Deep Media – A while back I swore I was going to try and keep a running tally of new feeds I add to my daily RSS ingestion – the goal there was to try and give myself (if not you the reader) a more complete picture of the whos and whys of my online reading habits. Needless to say I have been a bit lazy in keeping to this regimen.

However, today I added a feed that is so completely within my philosophical wheelhouse I felt compelled to share it here. The blog (Deep Media) is for the upcoming book Welcome to the Hyperdrome by Wired columnist Frank Rose. In the author’s words:

The idea is to document—and where possible to participate in—the attempt to forge a new type of storytelling that’s native to the Internet. After centuries of linear storytelling, the Internet is encouraging the emergence of a radically new style of narrative—one that’s told through many media at once in a nonlinear fashion. Such narratives encourage you not merely to watch but to participate, and in the process they become something resembling a game. This is “deep media”: stories that are not just entertaining but immersive, that take you deeper than an hour-long TV drama or a two-hour movie or a 30-second spot will permit.

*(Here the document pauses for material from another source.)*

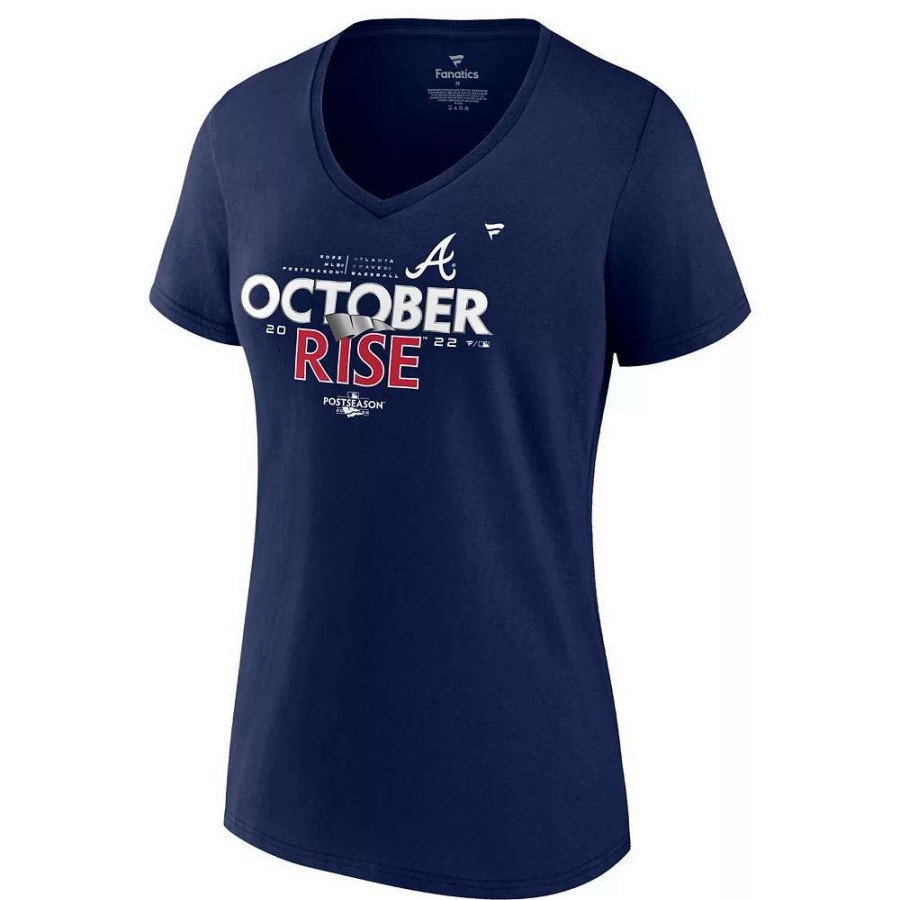 Tops * | Women'S Fanatics Branded Navy Atlanta Braves 2022 Postseason Locker Room V-Neck T-Shirt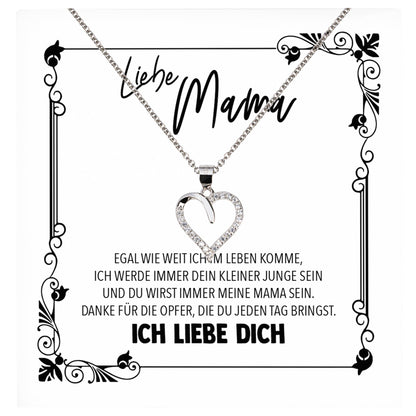 22Feels® Mama Geschenk von Sohn Muttertag Geburtstag Frauen Schmuck mit Karte Echt Silber Herz Halskette Weihnachten Idee Mutter Sohn-Schmuck mit Botschaftskarte - Herz21-22Feels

Great stuff. I toyed with very similar concepts in the early stages of thinking through my Master’s thesis – but a combination of facts (it was 1996, before literature was media, I was enrolled in a fairly conservative New Jersey teacher factory, none of my advisers had any real sense of what the internet was, they had a very formulaic structure for thesis writing) made it hard to do new types of work. So instead of traveling down the well worn road of academic literary theory I bailed.

In the decade plus it has been since I left the academic world sites like Deep Media and writers like Frank Rose (Henry Jenkins has to be singled out here as well) have provided me with the material I need to continue studying these ideas outside the institutional setting. For that reason I am excited to see just where he (we?) takes the blog and his book.